What is the correct way to install the delta module in python?

In the example they import the module

from delta.tables import *

but i did not find the correct way to install the module in my virtual env

Currently i am using this spark param -

"spark.jars.packages": "io.delta:delta-core_2.11:0.5.0"

2 Answers

As the correct answer is hidden in the comments of the accepted solution, I thought I'd add it here.

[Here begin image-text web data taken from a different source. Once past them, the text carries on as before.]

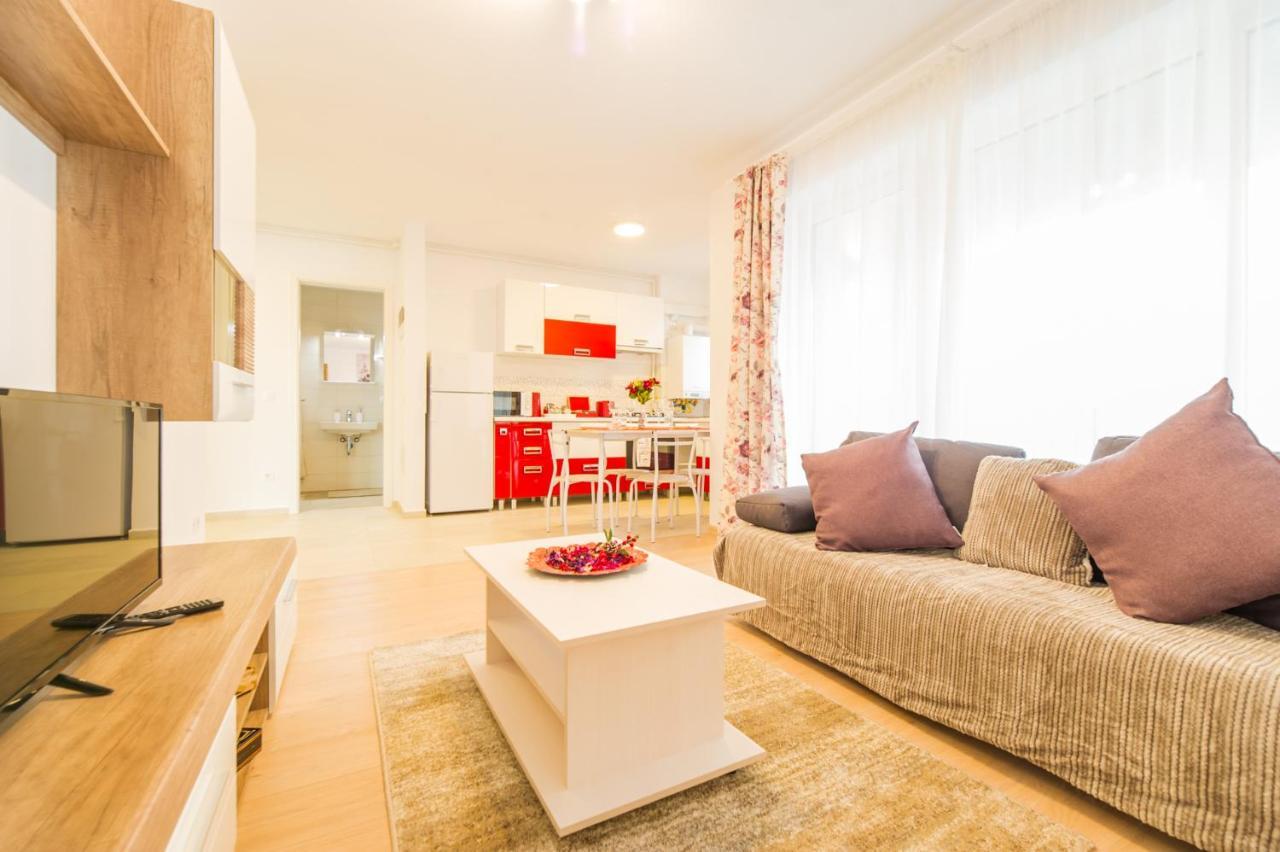 Deluxe Suite Coresi Брашов Экстерьер фото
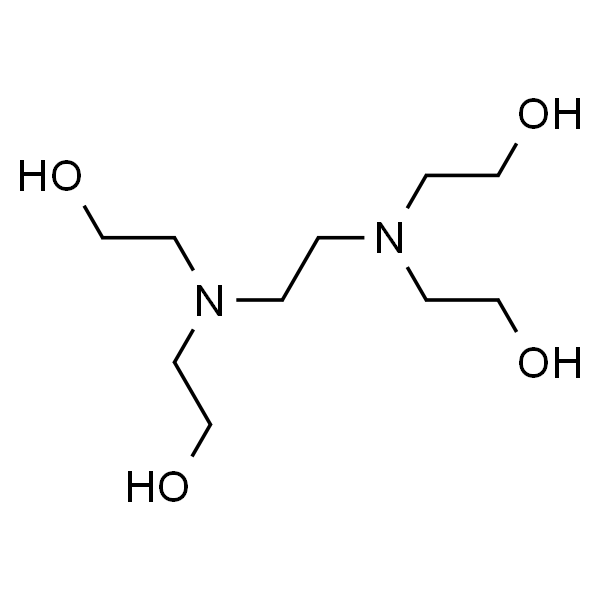 N,N,N',N'-四(2-羟乙基)乙二胺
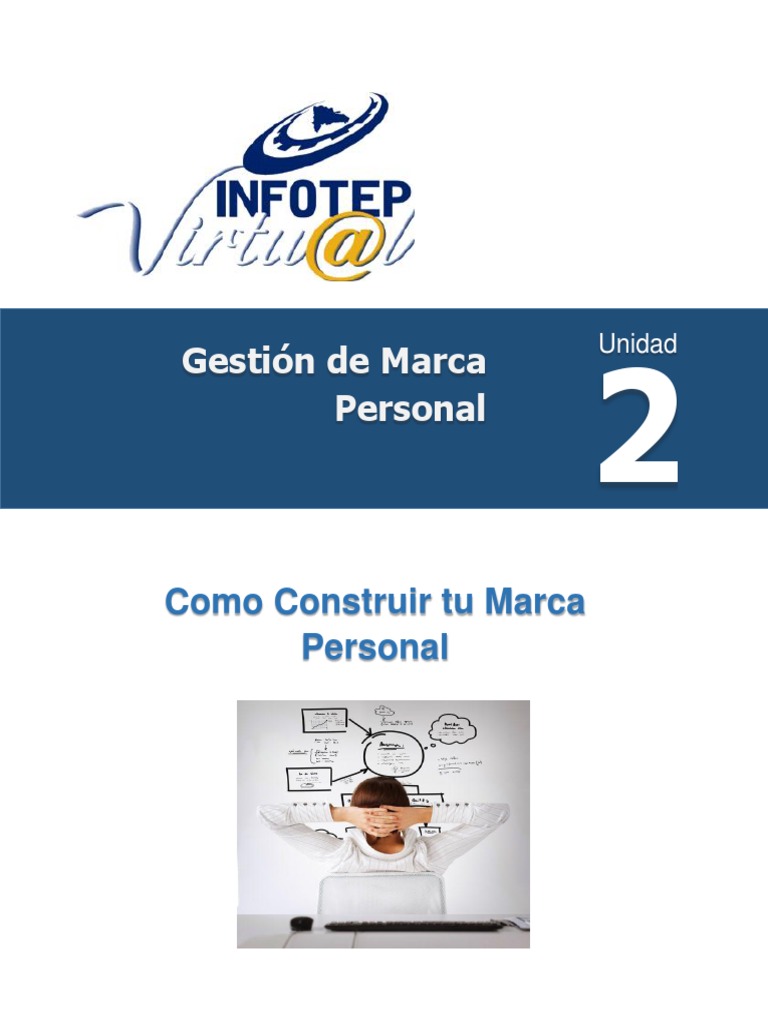 Cómo Construir tu Marca Personal | PDF | Marca | Tecnología de ...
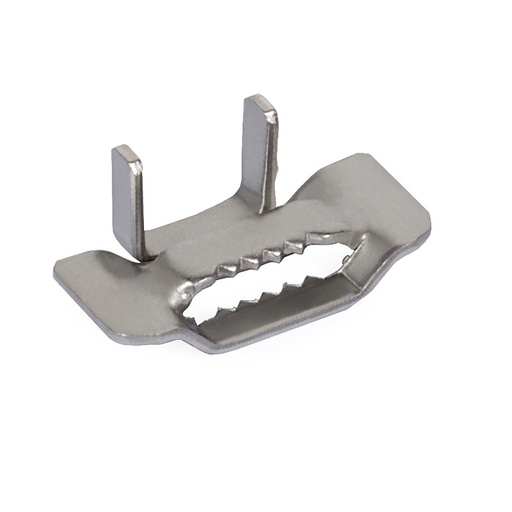 [DPE88813] 100x CLIP PARA FITA DE AÇO 10mm TIPO Y
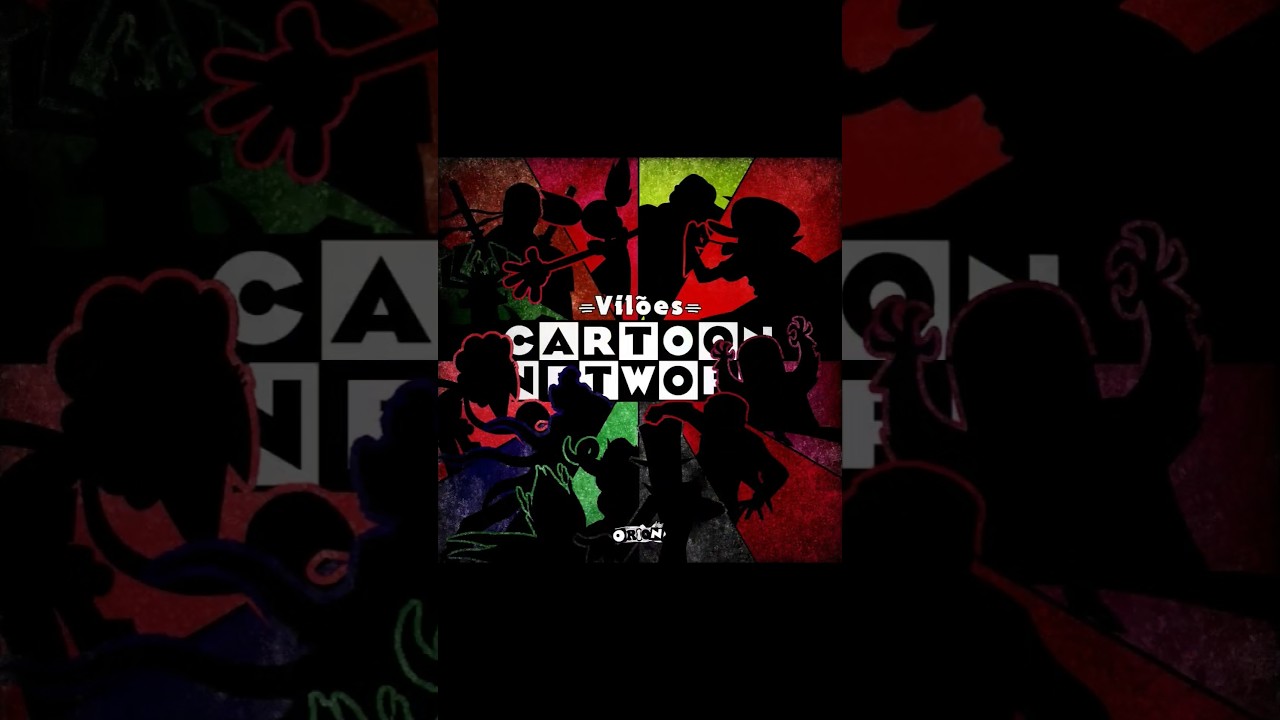 terror mode viloes cartoon network vilões da cartoon networki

You need to create your spark context with some extra settings and then you can import delta:

spark_session = SparkSession.builder \
    .master("local") \
    .config("spark.jars.packages", "io.delta:delta-core_2.12:0.8.0") \
    .config("spark.sql.extensions", "io.delta.sql.DeltaSparkSessionExtension") \
    .config("spark.sql.catalog.spark_catalog", "org.apache.spark.sql.delta.catalog.DeltaCatalog") \

from delta.tables import *

Annoyingly, your IDE will of course shout at you about this as the package isn't installed and you will also be operating without autocomplete and type hints. I'm sure there's a work around and I will update if I come accross it.

The package itself is on their github here and the readme suggests you can pip install but that doesn't work. In theory you could clone it and install manually.

Because Delta's Python codes are stored inside a jar and loaded by Spark, delta module cannot be imported until SparkSession/SparkContext is created.